ViDA: EU-weite Echtzeit-Meldepflicht ab 2030 – warum E-Rechnung jetzt der Schlüssel ist
ViDA: EU-weite Echtzeit-Meldepflicht ab 2030 – warum E-Rechnung jetzt der Schlüssel ist
Die Europäische Union führt mit ViDA (VAT in the Digital Age) ab dem 1. Juli 2030 ein Echtzeit-Meldesystem für grenzüberschreitende B2B-Umsätze ein – ein System, das rund 18 Millionen Unternehmen in der EU betreffen wird. CERTISCAN erklärt, warum die deutsche E-Rechnungspflicht die perfekte Vorbereitung auf ViDA ist und was Sie jetzt tun sollten.
Was ist ViDA?
ViDA (VAT in the Digital Age) ist das umfassendste Reformpaket für das EU-Mehrwertsteuersystem seit seiner Einführung 1993. Die Europäische Kommission hat den Vorschlag im Dezember 2022 vorgelegt, der Rat der EU hat im November 2024 die endgültige Fassung verabschiedet.
ViDA besteht aus drei Säulen:
| Säule | Inhalt | Zeitrahmen |
|---|---|---|
| Digital Reporting Requirements (DRR) | Echtzeit-Meldepflicht für grenzüberschreitende B2B-Umsätze | Ab 01.07.2030 |
| Plattformwirtschaft | Plattformen werden Steuerschuldner für bestimmte Dienstleistungen | Ab 01.07.2028 |
| Einzige Anlaufstelle (OSS) | Erweiterung des One Stop Shop auf weitere Umsatzarten | Ab 01.07.2028 |
Digital Reporting Requirements: Echtzeit-Meldung statt Quartalsweise
Wie funktioniert das System?
Bisher melden Unternehmen ihre innergemeinschaftlichen Umsätze über die Zusammenfassende Meldung (ZM) – quartalsweise, aggregiert und zeitverzögert. ViDA ersetzt dieses System durch eine transaktionsbezogene Echtzeit-Meldung:
| Aspekt | Heute (ZM) | Ab 2030 (ViDA DRR) |
|---|---|---|
| Meldezeitpunkt | Quartalsende + 25 Tage | Innerhalb von 2 Werktagen |
| Granularität | Aggregiert pro Empfänger | Pro Einzeltransaktion |
| Format | Formular (XML) | Strukturierte E-Rechnung (EN 16931) |
| Datenumfang | Nur Empfänger + Umsatz | Vollständige Rechnungsdaten |
| Abgleich | Kein automatischer Abgleich | Cross-Check zwischen Käufer und Verkäufer |
Der Ablauf ab 2030
- Rechnungsstellung: Sie erstellen eine E-Rechnung im EN-16931-Format
- Meldung: Innerhalb von 2 Werktagen übermitteln Sie die Rechnungsdaten an Ihre nationale Steuerbehörde
- EU-Datenbank: Die Steuerbehörde leitet die Daten an das zentrale EU-System weiter
- Cross-Check: Das System gleicht Ihre Ausgangsrechnung mit der Eingangsrechnung des Empfängers ab
- Abweichungen: Bei Diskrepanzen werden beide Seiten informiert
Warum Echtzeit-Meldung?
Das Ziel ist die Bekämpfung des Mehrwertsteuerbetrugs, der die EU-Mitgliedstaaten jährlich rund 60 Milliarden EUR kostet. Durch den Echtzeit-Abgleich sollen Karussellbetrug und Missing-Trader-Fraud deutlich erschwert werden.

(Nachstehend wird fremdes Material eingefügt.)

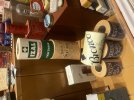 IMG_6872.jpeg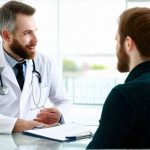 Can Cranberry Extract Replace UTI Medications?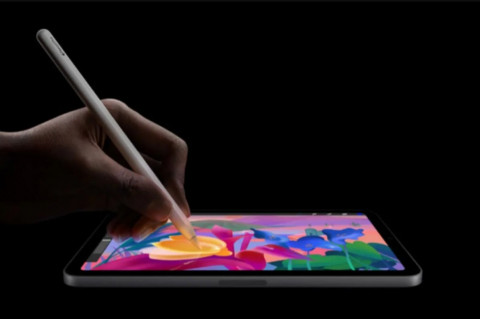 iPad mini 2026 Diprediksi Naik Kelas Berkat Layar OLED, Ini Peningkatan yang Paling Dinanti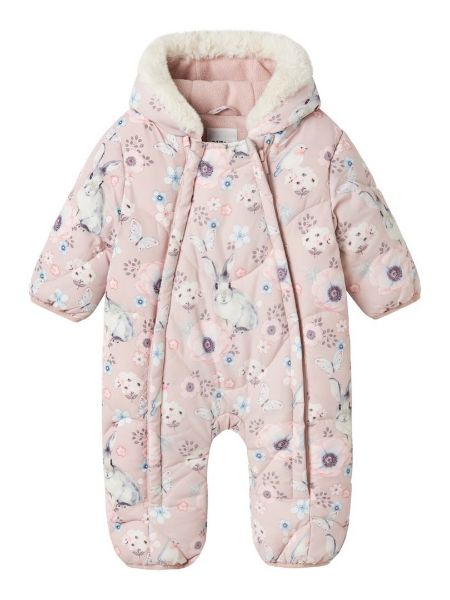 Изображение Комбинезон name it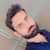 Rizwan A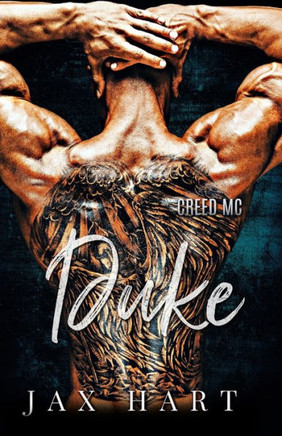 DUKE (CREED MC)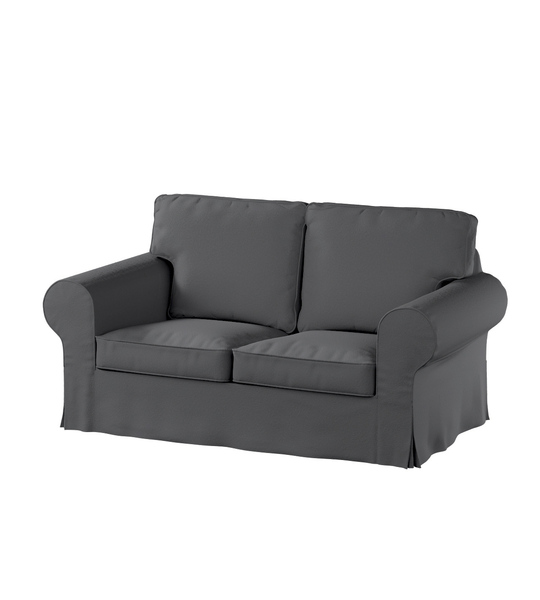 Ektorp 2-Seater sofa Bed, Model after 2012 Cover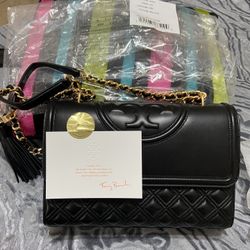 cross body  Original NUEVA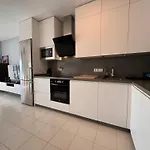 Eslanzarote La Marquesa House, Super Wifi Σπίτι διακοπών *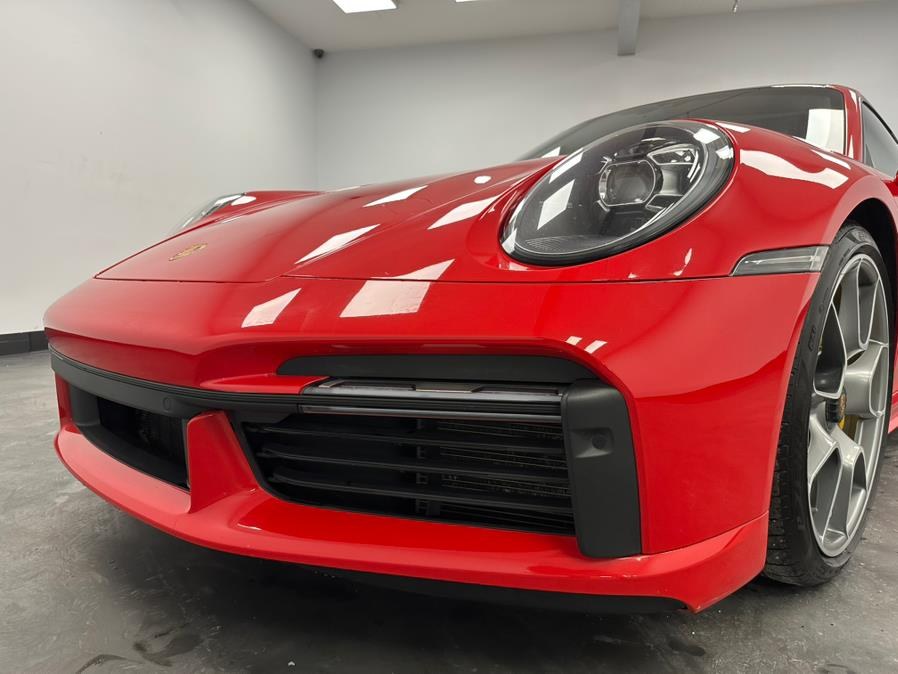 2021 Porsche 911 Turbo S Coupe, available for sale in Elizabeth, New Jersey | M Auto Group. Elizabeth, New Jersey 2021 Porsche 911 Turbo S Coupe, available for sale in Elizabeth, New Jersey | M Auto Group. Elizabeth, New Jersey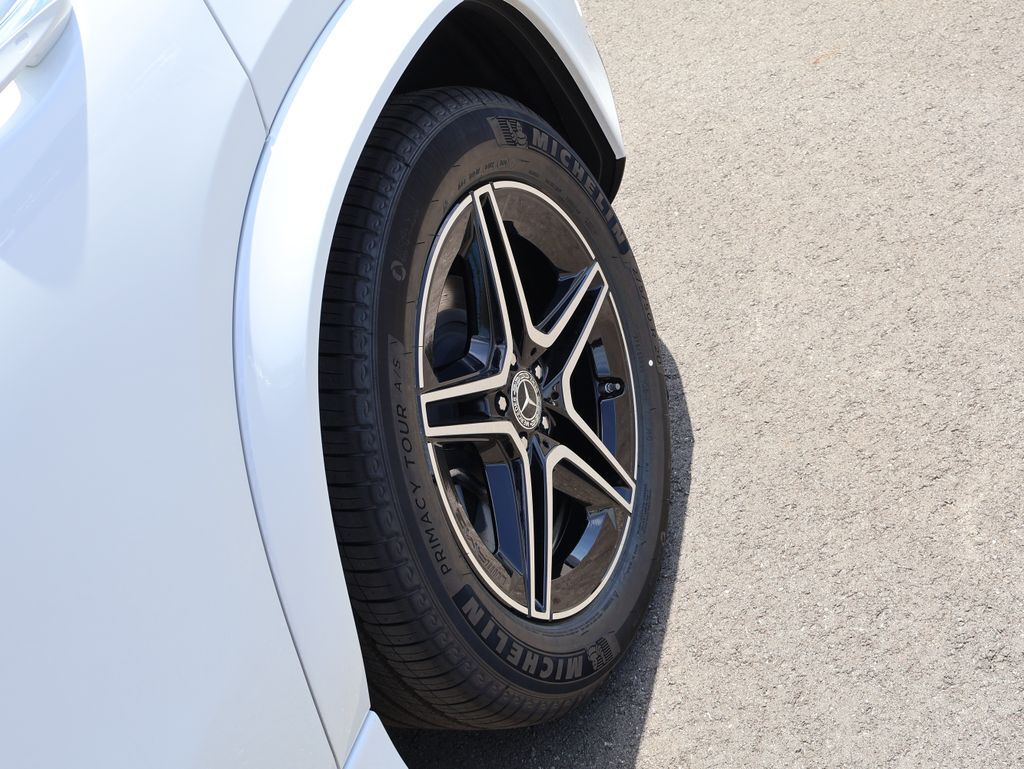 2026 Mercedes-Benz GLE GLE 350 San Clemente CA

Der Zusammenhang: Deutsche E-Rechnungspflicht und ViDA
Die deutsche E-Rechnungspflicht ab 2025/2027/2028 ist kein isoliertes nationales Projekt – sie ist bewusst als Vorbereitung auf ViDA konzipiert. Die Verbindung ist offensichtlich:
| Element | Deutsche E-Rechnungspflicht | ViDA DRR |
|---|---|---|
| Norm | EN 16931 | EN 16931 |
| Formate | XRechnung, ZUGFeRD 2.x | EN-16931-konforme Formate |
| Pflichtfelder | UStG-konform | EU-weit harmonisiert (Obermenge) |
| Archivierung | GoBD (10 Jahre) | EU-Vorgaben (ähnlich) |
| Validierung | Schema + Geschäftsregeln | Schema + Geschäftsregeln |
Was müssen Sie konkret vorbereiten?
Schritt 1: E-Rechnung jetzt umsetzen (2025-2028)
Die Empfangspflicht gilt seit 2025, die Sendepflicht ab 2027/2028. Wenn Sie diese Pflichten erfüllen, haben Sie die technische Grundlage für ViDA bereits geschaffen.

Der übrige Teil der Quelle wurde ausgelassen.